In real life, the couple lives what Oscar calls a very Ozzie-and-Harriet existence. They begin their work days early so they can spend as much of their evening as they can at home. Their corner house in the Scotch 80s with the backyard koi pond and many pieces of art — some of them created by Carolyn’s mother — is a gathering place for their children and, now, grandchildren. Carolyn cooks, every day if she can, and, before dinner, she and Oscar share a cocktail (a martini for him, a vodka-something for her).
In conversation, they josh, joke and needle one another. As Oscar tells his version of their first-date story, Carolyn looks on with a sly smile, correcting him when she thinks he’s veered off-course.
They seem perfect for one another, if only because of this: If there’s one woman in the world who couldn’t be overshadowed by Oscar, it’s Carolyn.
The key to their 45-year-old marriage, each reveals separately, is respect.
“If we ever lost respect for one another, there’d be a problem,” Oscar says. “But so far, in 45 years of marriage, that hasn’t happened.”
“He’s my first, ‘What do you think?’ ” Carolyn says. “I trust his honesty.”
“Forty-five years is a long time. He married me when I was, like, 10,” Carolyn says, smiling. “So it’s been real interesting.”THE GOODMAN COURTSHIP
When he and Carolyn met, Oscar Goodman admits that it “was not love at first sight. It was disaster.”

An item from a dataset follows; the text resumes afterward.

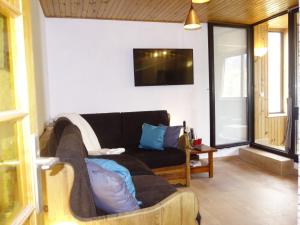a living room with a couch and a tv on the wall at Apartment Le Sérac-5 by Interhome in Val Thorens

“But,” he adds, “it was love at first sight the second time.”
Carolyn first met Oscar when her college roommate fixed her up with him during her freshman year. On the big day, Carolyn says, “he comes in with his entourage of whatever-they-were and his herringbone coat. I can still see it.
“Jan introduces me to this guy, and he looks at me, and I look at him, and I thought, ‘Oh, right.’ He was so taken with himself — duh! — and I thought, ‘Forget that.’ So we went on our way.”
Then, in the fall of her senior year, Carolyn enrolled in a class at Haverford College — Oscar’s alma mater — and discovered that he was an assistant in the class.
A week later, Oscar called Carolyn at her dorm. They talked for 45 minutes, Carolyn says, “at the end of which, he says to me: ‘It doesn’t sound like you have much of a personality.’
“I couldn’t believe it. Forty-five minutes. So I said, ‘Then what in heaven’s name are you wasting your time for?’ and slammed down the phone.”
Oscar called back — in a panic, she learned later– and they made a date. Oscar picked her up in a four-door black Oldsmobile and told Carolyn that his family lived on Philadelphia’s Main Line.
Carolyn always valued a sense of humor in a guy, as well as “a light heart and a half-full glass.” But, she says, smiling, she also figured “it would be just as easy to find somebody with those qualities who was honorable and good that was also somewhat well-off.”
Only later did Carolyn learn that both the Olds and the home were leased. Still, she liked Oscar’s confidence, his intelligence and his heart.
She also was impressed when she saw how well he related to his family. Carolyn jokes that it was during their first date, while watching Oscar with his younger sister, a then-aspiring 13-year-old ballerina, that “I knew he was a legitimate human being.”